* _What to produce_: Give back every line of the data, transcribed exactly.

* _Excerpted data_:

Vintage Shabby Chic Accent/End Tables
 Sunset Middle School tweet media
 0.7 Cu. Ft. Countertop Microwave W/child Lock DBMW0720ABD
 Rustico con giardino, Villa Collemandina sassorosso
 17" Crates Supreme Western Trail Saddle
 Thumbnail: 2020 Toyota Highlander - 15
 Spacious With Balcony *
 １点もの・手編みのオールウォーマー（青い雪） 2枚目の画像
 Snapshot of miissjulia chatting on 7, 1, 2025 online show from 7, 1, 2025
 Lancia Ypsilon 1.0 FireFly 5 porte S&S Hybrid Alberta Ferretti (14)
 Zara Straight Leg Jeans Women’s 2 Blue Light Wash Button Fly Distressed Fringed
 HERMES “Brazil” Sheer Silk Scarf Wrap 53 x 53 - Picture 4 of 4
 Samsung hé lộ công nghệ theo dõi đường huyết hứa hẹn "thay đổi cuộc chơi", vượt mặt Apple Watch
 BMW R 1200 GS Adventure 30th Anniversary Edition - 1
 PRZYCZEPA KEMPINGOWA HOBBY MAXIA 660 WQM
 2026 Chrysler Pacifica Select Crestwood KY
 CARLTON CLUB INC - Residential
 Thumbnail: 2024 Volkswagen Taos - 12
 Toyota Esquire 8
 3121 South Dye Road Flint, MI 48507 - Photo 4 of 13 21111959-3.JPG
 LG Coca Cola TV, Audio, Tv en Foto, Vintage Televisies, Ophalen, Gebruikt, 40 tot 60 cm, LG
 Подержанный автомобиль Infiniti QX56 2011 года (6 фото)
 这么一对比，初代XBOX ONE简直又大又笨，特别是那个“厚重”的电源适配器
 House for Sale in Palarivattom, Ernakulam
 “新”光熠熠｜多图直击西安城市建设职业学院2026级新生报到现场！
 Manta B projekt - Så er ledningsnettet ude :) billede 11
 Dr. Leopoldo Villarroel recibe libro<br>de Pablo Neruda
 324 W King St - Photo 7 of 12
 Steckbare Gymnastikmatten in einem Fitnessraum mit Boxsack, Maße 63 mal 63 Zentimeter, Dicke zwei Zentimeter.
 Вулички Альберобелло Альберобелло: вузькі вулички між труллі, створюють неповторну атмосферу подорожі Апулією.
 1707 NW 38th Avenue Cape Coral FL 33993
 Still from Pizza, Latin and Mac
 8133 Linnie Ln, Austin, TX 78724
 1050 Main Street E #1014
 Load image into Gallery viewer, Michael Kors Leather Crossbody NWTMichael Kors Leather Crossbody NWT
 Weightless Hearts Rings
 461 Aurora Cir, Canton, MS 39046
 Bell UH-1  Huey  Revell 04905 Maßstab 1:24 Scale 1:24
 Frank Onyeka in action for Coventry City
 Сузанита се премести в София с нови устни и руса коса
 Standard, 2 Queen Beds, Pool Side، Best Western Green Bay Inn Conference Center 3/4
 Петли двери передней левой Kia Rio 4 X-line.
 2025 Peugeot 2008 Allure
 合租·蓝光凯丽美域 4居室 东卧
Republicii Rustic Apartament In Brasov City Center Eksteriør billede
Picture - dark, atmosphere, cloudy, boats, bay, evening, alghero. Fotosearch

* _Answer space_:
Vintage Shabby Chic Accent/End Tables
 Sunset Middle School tweet media
 0.7 Cu. Ft. Countertop Microwave W/child Lock DBMW0720ABD
 Rustico con giardino, Villa Collemandina sassorosso
 17" Crates Supreme Western Trail Saddle
 Thumbnail: 2020 Toyota Highlander - 15
 Spacious With Balcony *
 １点もの・手編みのオールウォーマー（青い雪） 2枚目の画像
 Snapshot of miissjulia chatting on 7, 1, 2025 online show from 7, 1, 2025
 Lancia Ypsilon 1.0 FireFly 5 porte S&S Hybrid Alberta Ferretti (14)
 Zara Straight Leg Jeans Women’s 2 Blue Light Wash Button Fly Distressed Fringed
 HERMES “Brazil” Sheer Silk Scarf Wrap 53 x 53 - Picture 4 of 4
 Samsung hé lộ công nghệ theo dõi đường huyết hứa hẹn "thay đổi cuộc chơi", vượt mặt Apple Watch
 BMW R 1200 GS Adventure 30th Anniversary Edition - 1
 PRZYCZEPA KEMPINGOWA HOBBY MAXIA 660 WQM
 2026 Chrysler Pacifica Select Crestwood KY
 CARLTON CLUB INC - Residential
 Thumbnail: 2024 Volkswagen Taos - 12
 Toyota Esquire 8
 3121 South Dye Road Flint, MI 48507 - Photo 4 of 13 21111959-3.JPG
 LG Coca Cola TV, Audio, Tv en Foto, Vintage Televisies, Ophalen, Gebruikt, 40 tot 60 cm, LG
 Подержанный автомобиль Infiniti QX56 2011 года (6 фото)
 这么一对比，初代XBOX ONE简直又大又笨，特别是那个“厚重”的电源适配器
 House for Sale in Palarivattom, Ernakulam
 “新”光熠熠｜多图直击西安城市建设职业学院2026级新生报到现场！
 Manta B projekt - Så er ledningsnettet ude :) billede 11
 Dr. Leopoldo Villarroel recibe libro<br>de Pablo Neruda
 324 W King St - Photo 7 of 12
 Steckbare Gymnastikmatten in einem Fitnessraum mit Boxsack, Maße 63 mal 63 Zentimeter, Dicke zwei Zentimeter.
 Вулички Альберобелло Альберобелло: вузькі вулички між труллі, створюють неповторну атмосферу подорожі Апулією.
 1707 NW 38th Avenue Cape Coral FL 33993
 Still from Pizza, Latin and Mac
 8133 Linnie Ln, Austin, TX 78724
 1050 Main Street E #1014
 Load image into Gallery viewer, Michael Kors Leather Crossbody NWTMichael Kors Leather Crossbody NWT
 Weightless Hearts Rings
 461 Aurora Cir, Canton, MS 39046
 Bell UH-1  Huey  Revell 04905 Maßstab 1:24 Scale 1:24
 Frank Onyeka in action for Coventry City
 Сузанита се премести в София с нови устни и руса коса
 Standard, 2 Queen Beds, Pool Side، Best Western Green Bay Inn Conference Center 3/4
 Петли двери передней левой Kia Rio 4 X-line.
 2025 Peugeot 2008 Allure
 合租·蓝光凯丽美域 4居室 东卧
Republicii Rustic Apartament In Brasov City Center Eksteriør billede
Picture - dark, atmosphere, cloudy, boats, bay, evening, alghero. Fotosearch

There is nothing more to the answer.